The customer was utilizing fcaliases, zones, and zonesets for his zoning, pretty standard practice on the MDS Series. More information regarding fcaliases, zones, and zonesets can be found in the article entitled “Cisco’s Manual of the switch. So we had to modify the fcalias (basically an alias for a wwn, but has other functions as well) and remove the original pWWN and add the new one:

san_switch# conf t
Enter configuration commands, one per line.
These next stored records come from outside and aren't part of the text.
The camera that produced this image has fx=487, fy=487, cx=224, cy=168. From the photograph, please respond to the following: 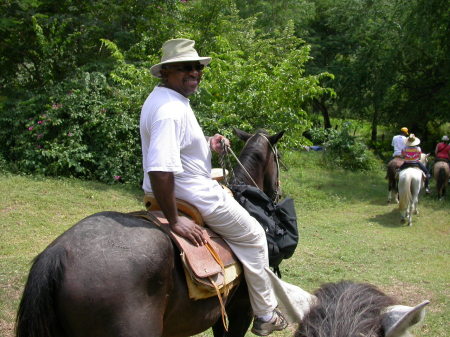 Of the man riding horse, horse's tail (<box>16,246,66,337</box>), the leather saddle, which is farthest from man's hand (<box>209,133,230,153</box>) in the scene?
horse's tail (<box>16,246,66,337</box>)

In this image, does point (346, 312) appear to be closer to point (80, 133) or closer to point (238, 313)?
point (238, 313)

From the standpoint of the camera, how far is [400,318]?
1.95 m

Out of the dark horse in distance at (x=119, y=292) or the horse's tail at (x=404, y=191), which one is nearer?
the dark horse in distance at (x=119, y=292)

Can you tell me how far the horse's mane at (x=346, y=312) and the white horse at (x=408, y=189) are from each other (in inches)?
409

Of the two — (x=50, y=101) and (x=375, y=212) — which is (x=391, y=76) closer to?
(x=375, y=212)

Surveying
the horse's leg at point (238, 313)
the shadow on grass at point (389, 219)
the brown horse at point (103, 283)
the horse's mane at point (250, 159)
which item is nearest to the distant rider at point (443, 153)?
the shadow on grass at point (389, 219)

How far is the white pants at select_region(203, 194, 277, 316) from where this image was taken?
10.9ft

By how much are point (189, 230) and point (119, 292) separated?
2.17ft

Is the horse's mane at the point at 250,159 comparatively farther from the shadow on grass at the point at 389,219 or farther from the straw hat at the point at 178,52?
the shadow on grass at the point at 389,219

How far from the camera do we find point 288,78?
39.0 ft

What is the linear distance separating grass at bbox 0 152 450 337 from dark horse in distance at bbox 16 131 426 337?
8.33ft

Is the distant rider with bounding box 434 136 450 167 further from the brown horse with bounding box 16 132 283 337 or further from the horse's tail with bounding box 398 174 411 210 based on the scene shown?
the brown horse with bounding box 16 132 283 337

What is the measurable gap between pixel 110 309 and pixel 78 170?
930 cm

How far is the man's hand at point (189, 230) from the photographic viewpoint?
119 inches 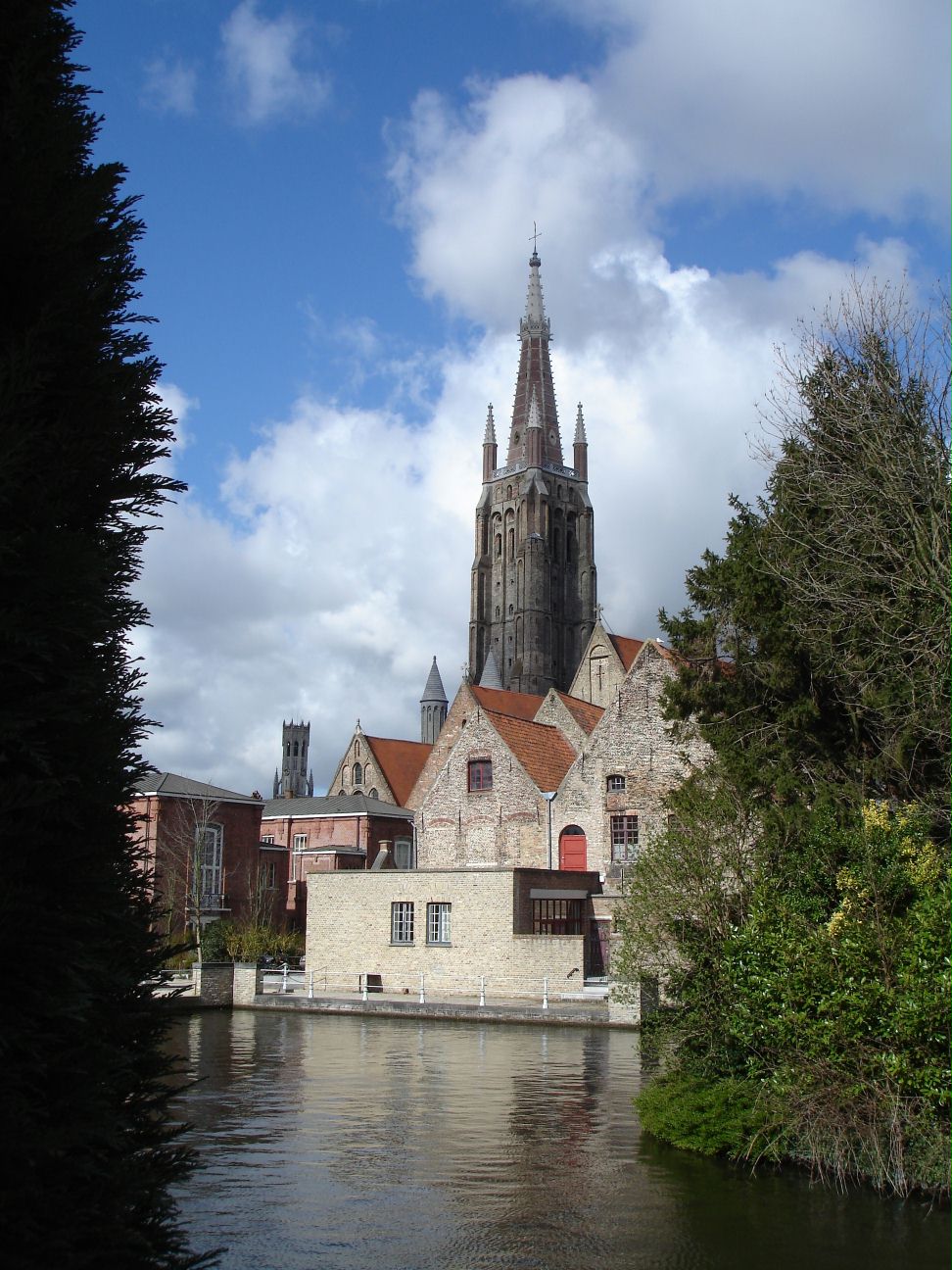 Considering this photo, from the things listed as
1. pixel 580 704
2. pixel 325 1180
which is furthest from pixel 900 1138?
pixel 580 704

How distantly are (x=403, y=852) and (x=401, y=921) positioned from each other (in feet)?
78.0

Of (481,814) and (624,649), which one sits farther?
(624,649)

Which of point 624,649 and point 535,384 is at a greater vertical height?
point 535,384

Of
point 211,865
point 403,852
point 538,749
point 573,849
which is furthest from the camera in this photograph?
point 403,852

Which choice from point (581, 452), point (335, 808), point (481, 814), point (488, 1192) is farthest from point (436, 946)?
point (581, 452)

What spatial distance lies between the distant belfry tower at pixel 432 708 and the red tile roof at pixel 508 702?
39.9 meters

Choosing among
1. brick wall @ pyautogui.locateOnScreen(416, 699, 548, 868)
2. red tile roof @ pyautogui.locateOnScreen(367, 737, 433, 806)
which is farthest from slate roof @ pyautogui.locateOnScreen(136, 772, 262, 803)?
red tile roof @ pyautogui.locateOnScreen(367, 737, 433, 806)

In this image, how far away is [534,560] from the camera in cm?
10750

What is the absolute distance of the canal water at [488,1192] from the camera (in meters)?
9.62

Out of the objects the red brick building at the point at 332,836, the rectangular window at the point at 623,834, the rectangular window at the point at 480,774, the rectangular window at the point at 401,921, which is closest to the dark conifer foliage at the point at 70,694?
the rectangular window at the point at 401,921

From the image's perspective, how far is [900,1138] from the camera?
11.4m

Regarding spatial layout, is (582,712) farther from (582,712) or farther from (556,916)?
(556,916)

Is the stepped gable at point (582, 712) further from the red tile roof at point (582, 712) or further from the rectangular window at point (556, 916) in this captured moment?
the rectangular window at point (556, 916)

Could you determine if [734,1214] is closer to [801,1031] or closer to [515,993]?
[801,1031]
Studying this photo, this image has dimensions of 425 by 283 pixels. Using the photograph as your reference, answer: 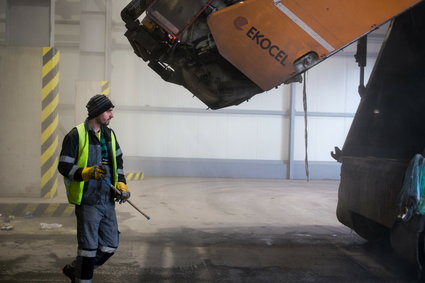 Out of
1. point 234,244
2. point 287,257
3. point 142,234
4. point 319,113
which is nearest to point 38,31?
point 142,234

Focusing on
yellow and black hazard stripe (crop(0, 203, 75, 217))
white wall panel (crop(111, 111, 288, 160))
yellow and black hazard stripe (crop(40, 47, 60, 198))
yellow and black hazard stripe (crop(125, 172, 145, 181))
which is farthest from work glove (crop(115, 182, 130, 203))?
white wall panel (crop(111, 111, 288, 160))

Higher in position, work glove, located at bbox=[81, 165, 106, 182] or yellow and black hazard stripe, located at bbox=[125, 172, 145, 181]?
work glove, located at bbox=[81, 165, 106, 182]

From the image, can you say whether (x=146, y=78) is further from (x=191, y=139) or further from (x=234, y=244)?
(x=234, y=244)

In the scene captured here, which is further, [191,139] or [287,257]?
[191,139]

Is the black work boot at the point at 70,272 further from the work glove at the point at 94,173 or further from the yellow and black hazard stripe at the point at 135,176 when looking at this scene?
the yellow and black hazard stripe at the point at 135,176

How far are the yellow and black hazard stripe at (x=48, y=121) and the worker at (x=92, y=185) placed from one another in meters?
3.83

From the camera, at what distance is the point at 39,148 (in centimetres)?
707

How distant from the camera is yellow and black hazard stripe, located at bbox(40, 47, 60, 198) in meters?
7.04

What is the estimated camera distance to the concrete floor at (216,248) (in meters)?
4.29

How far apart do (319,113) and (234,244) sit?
327 inches

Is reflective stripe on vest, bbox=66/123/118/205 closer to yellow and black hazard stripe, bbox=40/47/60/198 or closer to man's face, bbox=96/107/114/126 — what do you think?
man's face, bbox=96/107/114/126

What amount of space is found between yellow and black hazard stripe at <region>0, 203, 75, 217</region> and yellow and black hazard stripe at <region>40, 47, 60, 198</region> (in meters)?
0.49

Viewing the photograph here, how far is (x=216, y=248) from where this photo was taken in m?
5.24

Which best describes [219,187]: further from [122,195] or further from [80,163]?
[80,163] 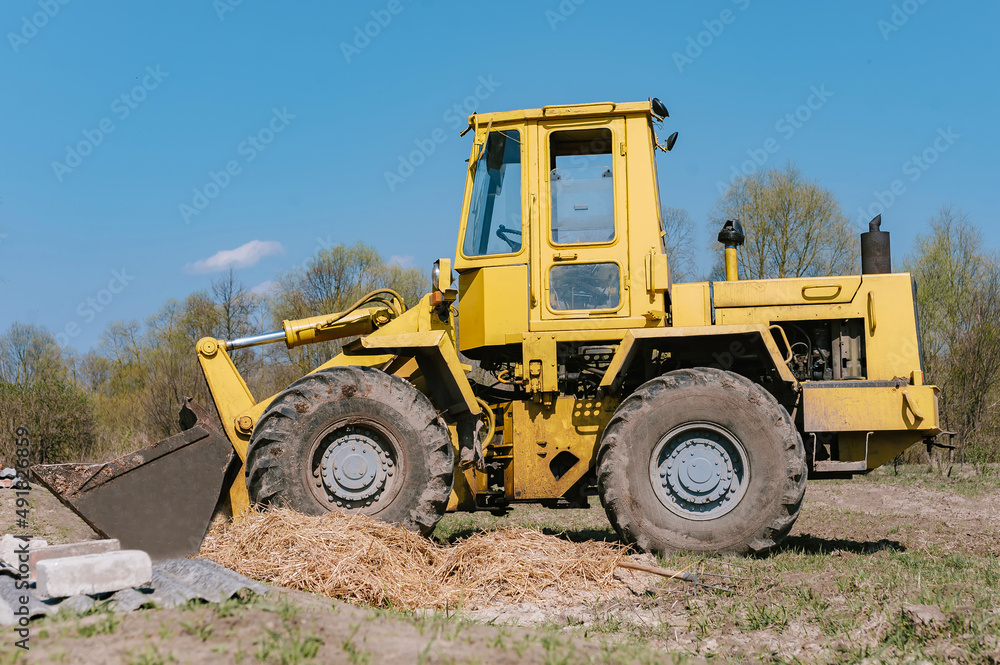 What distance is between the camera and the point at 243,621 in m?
3.59

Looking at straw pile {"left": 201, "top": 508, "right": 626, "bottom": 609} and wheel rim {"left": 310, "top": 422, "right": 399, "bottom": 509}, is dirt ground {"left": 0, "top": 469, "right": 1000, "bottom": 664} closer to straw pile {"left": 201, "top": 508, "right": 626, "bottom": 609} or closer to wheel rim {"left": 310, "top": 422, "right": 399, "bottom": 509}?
straw pile {"left": 201, "top": 508, "right": 626, "bottom": 609}

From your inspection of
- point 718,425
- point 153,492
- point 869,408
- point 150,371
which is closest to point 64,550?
point 153,492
san_switch(config)# fcalias name ESXHOST3_VMHBA2
san_switch(config-fcalias)# no member pwwn 21:00:00:1b:32:0b:8f:01
san_switch(config-fcalias)# member pwwn 21:00:00:1b:32:0b:90:01
san_switch(config-fcalias)#

After modifying the fcalias we double checked that the *zones * (collection of fcaliases that can talk to each other) configuration has been updated:

san_switch# show zones
zoneset name zonesetnew
...
...
Zone name ESXHOST_3_VMHBA2
fcalias name ESXHOST_3_VMHBA2
pwwn 21:00:00:1b:32:0b:90:01
fcalias name CX3-40C_SPA
pwwn 50:06:01:60:41:e0:b9:44
fcalias name CX3-40C_SPB
pwwn 50:06:01:68:41:e0:b9:44

That looked good, now looking at the active zoneset (collection of zone configurations that define access to the whole fabric, to better understand differences between zones and zoneset check out Figure 12-3 Hierarchy of Zone Sets, Zones, and Zone Members from the Manual of the MDS SAN Switch) we saw the following.

san_switch# show zoneset active
zoneset name zonesetnew
...
...
zone name ESXHOST_3_VMHBA2
pwwn 21:00:00:1b:32:0b:8f:01
pwwn 50:06:01:60:41:e0:b9:44
pwwn 50:06:01:68:41:e0:b9:44

It was still showing the old pWWN. We had to commit the changes that we had made by activating the zoneset:

san_switch)# conf t
san_switch(config)# zoneset activate name zonesetnew
Zoneset activation initiated. check zone status
san_switch(config)# end
san_switch#

After that we ran show zoneset active and we didn’t see any asterisks (*) next to any zones, which means that all the zones loaded up just fine. And also after doing a rescan from the ESX host, all the original LUNs showed up on the host and all the grayed out VMs came be into inventory without any issues.